James said:
revision scoring as a service will
not actually categorize the nature of what it is learning.
See
https://en.wikipedia.org/wiki/Wikipedia:Labels/Edit_quality We're almost ready to train and deploy a model with some nuance in it's prediction based on the *reason* that something should be reverted. (E.g. damaging/not-damaging and good-faith/bad-faith) We already have the labeling campaign done for Portuguese Wikipedia and we're nearly done for Turkish, Persian and English.
Beyond that work, I think there's a fun clustering project to be done here to discover categories of revert reasons. I'm always looking for collaborators to advise on these types of fun projects. *hint hint*
But when it comes down to it, I think our best measures of value-added won't be the output of a machine classifier, but rather some careful work in measurement theory. As Pine hopes ("assigning value to edits or editors; I would still like that project to go forward."), the project is continuing to move forward -- just slower than I had planned.

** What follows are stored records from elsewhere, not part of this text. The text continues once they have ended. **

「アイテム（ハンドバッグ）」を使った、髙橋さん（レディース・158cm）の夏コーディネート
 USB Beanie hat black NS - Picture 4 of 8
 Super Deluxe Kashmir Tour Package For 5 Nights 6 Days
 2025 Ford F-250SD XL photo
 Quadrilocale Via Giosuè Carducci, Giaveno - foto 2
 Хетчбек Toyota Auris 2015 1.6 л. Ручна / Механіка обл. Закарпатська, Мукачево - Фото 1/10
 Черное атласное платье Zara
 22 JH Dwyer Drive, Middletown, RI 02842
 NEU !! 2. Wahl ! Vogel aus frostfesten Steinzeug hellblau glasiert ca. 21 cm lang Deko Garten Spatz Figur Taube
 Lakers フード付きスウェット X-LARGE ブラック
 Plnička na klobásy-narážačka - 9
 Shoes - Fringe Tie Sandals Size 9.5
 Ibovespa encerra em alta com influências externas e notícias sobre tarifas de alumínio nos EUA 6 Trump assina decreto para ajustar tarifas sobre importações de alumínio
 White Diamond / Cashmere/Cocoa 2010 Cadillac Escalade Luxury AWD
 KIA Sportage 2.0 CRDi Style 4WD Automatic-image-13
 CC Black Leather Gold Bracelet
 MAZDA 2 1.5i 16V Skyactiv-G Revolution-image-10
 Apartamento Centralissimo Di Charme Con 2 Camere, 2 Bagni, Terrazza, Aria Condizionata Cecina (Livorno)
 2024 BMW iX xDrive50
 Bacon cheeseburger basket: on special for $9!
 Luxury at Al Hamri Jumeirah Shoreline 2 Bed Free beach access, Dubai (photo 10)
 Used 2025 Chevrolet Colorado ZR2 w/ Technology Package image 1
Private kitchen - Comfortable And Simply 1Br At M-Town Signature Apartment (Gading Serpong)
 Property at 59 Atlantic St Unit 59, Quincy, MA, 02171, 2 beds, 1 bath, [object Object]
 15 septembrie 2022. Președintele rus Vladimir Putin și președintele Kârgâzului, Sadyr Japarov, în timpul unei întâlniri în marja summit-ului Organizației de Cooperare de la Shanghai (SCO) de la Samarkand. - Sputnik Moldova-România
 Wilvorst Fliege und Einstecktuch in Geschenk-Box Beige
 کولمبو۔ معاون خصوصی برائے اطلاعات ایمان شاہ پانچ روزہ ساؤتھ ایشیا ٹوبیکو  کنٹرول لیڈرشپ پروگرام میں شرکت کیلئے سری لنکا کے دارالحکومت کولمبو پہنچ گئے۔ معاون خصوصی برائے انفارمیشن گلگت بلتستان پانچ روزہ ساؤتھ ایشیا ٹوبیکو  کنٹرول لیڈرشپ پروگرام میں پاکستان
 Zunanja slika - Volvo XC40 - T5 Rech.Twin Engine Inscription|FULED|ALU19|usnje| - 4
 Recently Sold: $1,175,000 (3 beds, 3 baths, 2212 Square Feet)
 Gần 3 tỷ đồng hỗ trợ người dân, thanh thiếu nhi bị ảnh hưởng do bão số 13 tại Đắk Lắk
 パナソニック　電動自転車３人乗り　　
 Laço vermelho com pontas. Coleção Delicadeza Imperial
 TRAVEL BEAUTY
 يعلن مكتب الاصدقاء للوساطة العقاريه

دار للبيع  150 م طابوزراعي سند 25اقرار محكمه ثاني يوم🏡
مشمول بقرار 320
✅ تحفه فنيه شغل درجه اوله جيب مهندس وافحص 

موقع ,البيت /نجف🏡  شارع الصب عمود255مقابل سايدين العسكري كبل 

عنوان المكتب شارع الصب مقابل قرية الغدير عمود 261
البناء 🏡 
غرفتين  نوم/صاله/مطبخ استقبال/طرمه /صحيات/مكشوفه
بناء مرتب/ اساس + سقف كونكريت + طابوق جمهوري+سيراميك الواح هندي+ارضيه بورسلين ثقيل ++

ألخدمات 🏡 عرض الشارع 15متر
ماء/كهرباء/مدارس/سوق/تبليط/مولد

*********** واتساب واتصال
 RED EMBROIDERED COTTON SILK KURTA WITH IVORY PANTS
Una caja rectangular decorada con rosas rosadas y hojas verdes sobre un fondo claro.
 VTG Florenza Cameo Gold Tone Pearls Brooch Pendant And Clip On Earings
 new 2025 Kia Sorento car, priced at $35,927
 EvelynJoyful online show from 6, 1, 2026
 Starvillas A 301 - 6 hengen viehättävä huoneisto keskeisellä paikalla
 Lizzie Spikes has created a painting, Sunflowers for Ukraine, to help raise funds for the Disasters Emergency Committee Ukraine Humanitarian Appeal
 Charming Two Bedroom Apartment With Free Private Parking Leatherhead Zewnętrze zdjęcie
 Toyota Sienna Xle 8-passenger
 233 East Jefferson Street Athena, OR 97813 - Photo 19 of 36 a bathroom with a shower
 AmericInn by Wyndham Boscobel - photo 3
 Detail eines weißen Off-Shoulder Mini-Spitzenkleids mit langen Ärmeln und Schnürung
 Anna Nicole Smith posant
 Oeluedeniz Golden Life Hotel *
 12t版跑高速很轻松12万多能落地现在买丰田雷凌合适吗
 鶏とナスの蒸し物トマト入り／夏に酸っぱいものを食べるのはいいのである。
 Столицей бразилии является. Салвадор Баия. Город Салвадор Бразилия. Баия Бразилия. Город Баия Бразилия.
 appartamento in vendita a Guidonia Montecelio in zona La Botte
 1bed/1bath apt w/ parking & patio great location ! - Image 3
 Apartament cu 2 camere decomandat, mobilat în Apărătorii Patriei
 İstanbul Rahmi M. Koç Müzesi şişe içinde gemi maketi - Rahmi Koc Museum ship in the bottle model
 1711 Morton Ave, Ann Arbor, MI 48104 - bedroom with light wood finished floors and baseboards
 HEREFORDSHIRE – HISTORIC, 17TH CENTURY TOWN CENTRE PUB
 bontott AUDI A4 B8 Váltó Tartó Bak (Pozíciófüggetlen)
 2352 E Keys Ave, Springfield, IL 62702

Due to the massive interest in Revision Scoring, I've been putting a lot more of my time there recently.
Again, I'm always looking for collaborators on these projects. I do as much work as I can to get them online and I have a small team working with me, but we can always use a hand. There are lots of ways to contribute. You don't need to code. We need help labeling edits, doing outreach in new wikis that we'd like to support and translating our software and docs.
-Aaron